**Task prompt**
When you reach the line with "Пена монтажная бытовая" in the listing below, transcribe it and each line after it up to and including the line with "Himalayan Pink Salt Fine Crystals - 15 Oz.", exactly and with nothing else.

**Records supplied**
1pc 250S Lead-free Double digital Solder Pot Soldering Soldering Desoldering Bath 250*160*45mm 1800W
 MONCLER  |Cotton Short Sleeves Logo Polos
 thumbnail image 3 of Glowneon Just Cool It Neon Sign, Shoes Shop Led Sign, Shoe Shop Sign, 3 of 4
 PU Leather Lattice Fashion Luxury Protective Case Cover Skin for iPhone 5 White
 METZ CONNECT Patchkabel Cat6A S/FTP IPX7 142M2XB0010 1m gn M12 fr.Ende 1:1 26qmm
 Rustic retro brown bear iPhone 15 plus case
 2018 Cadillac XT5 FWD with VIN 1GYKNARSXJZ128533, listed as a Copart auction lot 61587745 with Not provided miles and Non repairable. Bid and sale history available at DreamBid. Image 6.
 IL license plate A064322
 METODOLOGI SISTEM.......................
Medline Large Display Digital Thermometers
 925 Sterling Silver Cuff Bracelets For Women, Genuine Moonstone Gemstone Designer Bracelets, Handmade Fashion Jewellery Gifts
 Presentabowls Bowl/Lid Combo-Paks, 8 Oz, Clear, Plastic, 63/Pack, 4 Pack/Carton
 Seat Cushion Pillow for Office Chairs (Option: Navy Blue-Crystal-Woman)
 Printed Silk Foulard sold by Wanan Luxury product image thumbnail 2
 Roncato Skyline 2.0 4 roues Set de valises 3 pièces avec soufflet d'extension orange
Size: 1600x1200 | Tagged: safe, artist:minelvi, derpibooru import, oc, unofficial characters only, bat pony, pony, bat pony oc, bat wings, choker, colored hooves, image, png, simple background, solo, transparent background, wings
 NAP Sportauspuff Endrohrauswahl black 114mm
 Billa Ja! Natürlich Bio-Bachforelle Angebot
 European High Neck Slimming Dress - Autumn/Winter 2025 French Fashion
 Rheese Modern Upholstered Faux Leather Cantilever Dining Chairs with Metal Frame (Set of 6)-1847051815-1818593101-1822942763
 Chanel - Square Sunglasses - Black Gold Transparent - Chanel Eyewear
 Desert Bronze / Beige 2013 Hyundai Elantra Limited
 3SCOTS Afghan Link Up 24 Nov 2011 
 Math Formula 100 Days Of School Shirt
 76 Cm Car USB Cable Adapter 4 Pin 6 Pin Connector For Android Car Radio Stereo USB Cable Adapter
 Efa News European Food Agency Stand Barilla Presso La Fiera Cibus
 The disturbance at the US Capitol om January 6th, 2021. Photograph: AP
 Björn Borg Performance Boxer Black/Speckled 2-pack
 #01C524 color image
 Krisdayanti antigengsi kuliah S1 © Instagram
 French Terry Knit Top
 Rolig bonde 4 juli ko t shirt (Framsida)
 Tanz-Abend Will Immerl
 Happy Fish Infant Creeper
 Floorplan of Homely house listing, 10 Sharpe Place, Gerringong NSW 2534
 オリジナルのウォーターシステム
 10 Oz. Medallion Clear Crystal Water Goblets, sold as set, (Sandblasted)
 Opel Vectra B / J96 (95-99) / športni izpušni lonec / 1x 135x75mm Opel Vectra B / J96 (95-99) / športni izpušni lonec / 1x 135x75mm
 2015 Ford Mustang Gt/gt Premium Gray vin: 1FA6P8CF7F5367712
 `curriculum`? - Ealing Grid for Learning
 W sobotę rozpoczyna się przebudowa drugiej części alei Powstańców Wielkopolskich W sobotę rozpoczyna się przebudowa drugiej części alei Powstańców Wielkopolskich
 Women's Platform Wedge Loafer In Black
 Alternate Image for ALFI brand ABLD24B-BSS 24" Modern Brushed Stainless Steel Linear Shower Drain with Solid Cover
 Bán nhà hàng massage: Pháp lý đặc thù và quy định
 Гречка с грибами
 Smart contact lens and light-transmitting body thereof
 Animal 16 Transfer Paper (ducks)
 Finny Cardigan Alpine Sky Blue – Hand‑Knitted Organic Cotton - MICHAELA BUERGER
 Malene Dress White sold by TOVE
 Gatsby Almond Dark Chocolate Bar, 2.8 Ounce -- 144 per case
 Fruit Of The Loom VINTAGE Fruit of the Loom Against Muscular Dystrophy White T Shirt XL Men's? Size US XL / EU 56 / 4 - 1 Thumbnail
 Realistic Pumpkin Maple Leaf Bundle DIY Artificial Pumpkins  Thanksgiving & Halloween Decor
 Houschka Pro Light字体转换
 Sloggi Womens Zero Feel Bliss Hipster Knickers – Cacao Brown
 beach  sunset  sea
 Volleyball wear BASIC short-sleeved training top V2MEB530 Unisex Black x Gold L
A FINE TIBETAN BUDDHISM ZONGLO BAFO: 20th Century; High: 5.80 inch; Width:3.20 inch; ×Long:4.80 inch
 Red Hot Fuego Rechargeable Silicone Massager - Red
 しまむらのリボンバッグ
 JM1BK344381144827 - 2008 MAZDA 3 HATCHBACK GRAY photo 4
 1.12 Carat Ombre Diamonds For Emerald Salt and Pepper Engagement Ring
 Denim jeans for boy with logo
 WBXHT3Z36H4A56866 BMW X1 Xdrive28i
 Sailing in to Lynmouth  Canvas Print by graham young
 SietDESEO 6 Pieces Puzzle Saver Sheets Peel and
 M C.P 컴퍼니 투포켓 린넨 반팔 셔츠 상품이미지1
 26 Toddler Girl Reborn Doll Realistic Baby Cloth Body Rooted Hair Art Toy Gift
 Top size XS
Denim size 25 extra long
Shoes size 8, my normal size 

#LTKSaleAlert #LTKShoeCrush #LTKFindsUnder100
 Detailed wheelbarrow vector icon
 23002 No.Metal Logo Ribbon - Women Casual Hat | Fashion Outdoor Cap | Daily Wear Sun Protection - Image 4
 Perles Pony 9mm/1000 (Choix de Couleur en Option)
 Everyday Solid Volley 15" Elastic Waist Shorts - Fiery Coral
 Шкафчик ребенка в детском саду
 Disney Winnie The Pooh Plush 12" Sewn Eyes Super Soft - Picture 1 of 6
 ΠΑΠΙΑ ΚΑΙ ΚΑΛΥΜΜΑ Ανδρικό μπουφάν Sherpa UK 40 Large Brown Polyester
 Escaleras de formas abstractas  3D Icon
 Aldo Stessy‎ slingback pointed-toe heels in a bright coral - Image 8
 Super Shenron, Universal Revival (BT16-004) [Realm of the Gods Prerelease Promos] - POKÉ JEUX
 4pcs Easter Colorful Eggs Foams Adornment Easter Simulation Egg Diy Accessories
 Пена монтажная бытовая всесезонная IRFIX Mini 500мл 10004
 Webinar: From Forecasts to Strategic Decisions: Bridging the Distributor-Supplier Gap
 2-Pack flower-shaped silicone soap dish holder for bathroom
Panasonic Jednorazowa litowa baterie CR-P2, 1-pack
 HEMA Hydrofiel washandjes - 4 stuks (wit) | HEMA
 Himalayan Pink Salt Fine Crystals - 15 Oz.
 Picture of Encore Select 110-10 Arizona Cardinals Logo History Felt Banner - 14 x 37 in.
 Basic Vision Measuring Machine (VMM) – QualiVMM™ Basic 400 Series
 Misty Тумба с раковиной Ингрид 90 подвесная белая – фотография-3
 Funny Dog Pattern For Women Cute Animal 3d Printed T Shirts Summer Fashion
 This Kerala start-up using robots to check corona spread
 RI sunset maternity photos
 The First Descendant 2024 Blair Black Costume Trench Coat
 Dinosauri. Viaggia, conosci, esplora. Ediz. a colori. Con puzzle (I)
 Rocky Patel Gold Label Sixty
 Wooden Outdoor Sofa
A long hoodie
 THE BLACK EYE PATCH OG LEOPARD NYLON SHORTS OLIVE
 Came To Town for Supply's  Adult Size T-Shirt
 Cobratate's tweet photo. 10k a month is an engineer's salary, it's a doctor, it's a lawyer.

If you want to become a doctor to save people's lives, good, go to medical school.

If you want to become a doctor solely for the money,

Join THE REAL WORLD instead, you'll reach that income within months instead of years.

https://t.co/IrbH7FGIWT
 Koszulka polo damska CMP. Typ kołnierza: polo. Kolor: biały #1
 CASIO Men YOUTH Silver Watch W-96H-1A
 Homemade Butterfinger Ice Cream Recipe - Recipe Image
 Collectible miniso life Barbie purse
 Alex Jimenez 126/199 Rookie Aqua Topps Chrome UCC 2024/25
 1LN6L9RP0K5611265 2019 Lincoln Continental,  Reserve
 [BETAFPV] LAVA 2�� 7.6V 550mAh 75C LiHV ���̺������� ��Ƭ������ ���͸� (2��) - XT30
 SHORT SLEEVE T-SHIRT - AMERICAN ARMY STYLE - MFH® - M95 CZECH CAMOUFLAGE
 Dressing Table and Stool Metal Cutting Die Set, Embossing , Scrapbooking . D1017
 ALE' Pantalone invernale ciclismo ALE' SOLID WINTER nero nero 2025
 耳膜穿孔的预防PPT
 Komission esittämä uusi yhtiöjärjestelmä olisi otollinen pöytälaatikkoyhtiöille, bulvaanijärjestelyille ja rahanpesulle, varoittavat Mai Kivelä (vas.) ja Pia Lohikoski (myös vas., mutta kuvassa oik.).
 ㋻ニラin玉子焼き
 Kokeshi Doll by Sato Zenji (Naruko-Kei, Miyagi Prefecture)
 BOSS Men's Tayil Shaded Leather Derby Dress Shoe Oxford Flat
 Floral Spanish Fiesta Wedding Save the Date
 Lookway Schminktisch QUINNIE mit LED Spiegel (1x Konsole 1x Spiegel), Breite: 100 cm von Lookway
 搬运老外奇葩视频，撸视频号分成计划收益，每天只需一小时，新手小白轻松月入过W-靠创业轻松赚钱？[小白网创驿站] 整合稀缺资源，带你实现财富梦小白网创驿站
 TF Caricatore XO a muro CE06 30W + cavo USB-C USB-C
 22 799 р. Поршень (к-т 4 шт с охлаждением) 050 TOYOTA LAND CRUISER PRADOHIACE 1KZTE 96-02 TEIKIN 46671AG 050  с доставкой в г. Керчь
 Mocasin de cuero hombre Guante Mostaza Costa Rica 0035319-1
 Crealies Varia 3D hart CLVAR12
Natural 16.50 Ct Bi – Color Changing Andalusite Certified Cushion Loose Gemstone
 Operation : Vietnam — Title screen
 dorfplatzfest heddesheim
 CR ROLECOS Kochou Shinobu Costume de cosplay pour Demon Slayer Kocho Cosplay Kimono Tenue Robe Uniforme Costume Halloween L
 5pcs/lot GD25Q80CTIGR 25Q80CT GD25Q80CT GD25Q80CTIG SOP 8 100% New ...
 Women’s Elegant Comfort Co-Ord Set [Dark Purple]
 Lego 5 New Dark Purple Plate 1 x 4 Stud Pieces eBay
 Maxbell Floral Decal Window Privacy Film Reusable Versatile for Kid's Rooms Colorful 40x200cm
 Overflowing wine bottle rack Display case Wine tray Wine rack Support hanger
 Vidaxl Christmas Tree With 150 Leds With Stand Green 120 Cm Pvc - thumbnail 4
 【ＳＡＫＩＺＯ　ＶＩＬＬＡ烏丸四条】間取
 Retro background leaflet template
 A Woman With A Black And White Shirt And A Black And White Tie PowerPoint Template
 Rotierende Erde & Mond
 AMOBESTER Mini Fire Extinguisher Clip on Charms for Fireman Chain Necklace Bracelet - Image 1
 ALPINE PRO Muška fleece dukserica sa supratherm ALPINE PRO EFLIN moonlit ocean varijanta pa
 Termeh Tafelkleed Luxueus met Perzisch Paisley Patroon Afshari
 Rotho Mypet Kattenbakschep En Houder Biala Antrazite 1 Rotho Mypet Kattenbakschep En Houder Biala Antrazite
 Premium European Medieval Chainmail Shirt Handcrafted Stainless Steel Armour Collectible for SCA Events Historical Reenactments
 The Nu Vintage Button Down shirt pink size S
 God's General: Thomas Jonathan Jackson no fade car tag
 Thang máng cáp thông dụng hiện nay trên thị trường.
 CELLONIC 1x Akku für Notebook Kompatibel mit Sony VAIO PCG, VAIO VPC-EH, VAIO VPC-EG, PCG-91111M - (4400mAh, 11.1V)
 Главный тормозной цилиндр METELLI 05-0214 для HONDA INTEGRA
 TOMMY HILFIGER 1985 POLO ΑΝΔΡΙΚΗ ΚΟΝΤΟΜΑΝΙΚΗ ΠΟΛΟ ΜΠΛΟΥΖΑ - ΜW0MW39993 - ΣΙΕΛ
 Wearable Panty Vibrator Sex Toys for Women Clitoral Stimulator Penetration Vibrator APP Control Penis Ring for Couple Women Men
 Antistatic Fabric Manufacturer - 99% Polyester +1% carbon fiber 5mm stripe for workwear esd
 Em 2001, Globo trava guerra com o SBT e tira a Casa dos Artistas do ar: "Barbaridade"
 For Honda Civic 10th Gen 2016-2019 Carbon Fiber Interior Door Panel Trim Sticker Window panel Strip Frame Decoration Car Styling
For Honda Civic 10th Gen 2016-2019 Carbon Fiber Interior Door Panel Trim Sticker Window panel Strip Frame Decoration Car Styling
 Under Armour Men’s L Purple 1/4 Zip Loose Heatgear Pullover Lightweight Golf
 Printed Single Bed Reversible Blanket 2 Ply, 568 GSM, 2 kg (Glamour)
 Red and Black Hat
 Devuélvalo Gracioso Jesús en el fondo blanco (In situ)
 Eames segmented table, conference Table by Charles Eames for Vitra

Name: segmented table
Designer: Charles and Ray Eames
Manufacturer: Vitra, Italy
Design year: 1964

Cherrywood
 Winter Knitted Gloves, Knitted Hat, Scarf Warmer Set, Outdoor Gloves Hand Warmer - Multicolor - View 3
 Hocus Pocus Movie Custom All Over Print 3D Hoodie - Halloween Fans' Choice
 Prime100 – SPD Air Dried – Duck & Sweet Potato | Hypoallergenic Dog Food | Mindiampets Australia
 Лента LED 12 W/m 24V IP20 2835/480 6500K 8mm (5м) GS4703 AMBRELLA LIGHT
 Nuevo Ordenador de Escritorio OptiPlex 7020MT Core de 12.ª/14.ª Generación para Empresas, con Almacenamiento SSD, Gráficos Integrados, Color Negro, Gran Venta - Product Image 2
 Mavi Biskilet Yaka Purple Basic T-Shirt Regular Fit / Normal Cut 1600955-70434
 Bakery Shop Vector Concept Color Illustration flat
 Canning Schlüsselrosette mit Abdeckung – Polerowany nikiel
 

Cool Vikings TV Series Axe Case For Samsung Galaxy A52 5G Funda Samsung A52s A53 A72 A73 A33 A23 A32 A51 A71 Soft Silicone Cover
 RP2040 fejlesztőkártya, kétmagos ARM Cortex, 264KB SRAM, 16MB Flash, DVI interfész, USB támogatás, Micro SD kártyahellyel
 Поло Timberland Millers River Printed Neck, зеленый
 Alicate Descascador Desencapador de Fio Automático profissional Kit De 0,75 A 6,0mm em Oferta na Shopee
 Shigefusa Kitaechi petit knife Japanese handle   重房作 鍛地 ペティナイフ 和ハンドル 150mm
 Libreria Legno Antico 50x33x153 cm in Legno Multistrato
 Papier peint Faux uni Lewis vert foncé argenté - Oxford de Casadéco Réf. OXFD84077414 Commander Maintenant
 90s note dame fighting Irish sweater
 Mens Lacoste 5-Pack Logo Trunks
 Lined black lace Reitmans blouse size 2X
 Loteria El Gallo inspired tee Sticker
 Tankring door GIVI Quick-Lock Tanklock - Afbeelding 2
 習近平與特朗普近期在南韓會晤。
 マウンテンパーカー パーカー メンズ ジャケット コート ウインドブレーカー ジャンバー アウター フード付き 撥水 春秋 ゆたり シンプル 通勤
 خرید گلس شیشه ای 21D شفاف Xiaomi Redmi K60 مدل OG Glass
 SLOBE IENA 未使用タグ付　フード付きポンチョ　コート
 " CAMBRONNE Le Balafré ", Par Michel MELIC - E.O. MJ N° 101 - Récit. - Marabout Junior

**Exercise output**
 Пена монтажная бытовая всесезонная IRFIX Mini 500мл 10004
 Webinar: From Forecasts to Strategic Decisions: Bridging the Distributor-Supplier Gap
 2-Pack flower-shaped silicone soap dish holder for bathroom
Panasonic Jednorazowa litowa baterie CR-P2, 1-pack
 HEMA Hydrofiel washandjes - 4 stuks (wit) | HEMA
 Himalayan Pink Salt Fine Crystals - 15 Oz.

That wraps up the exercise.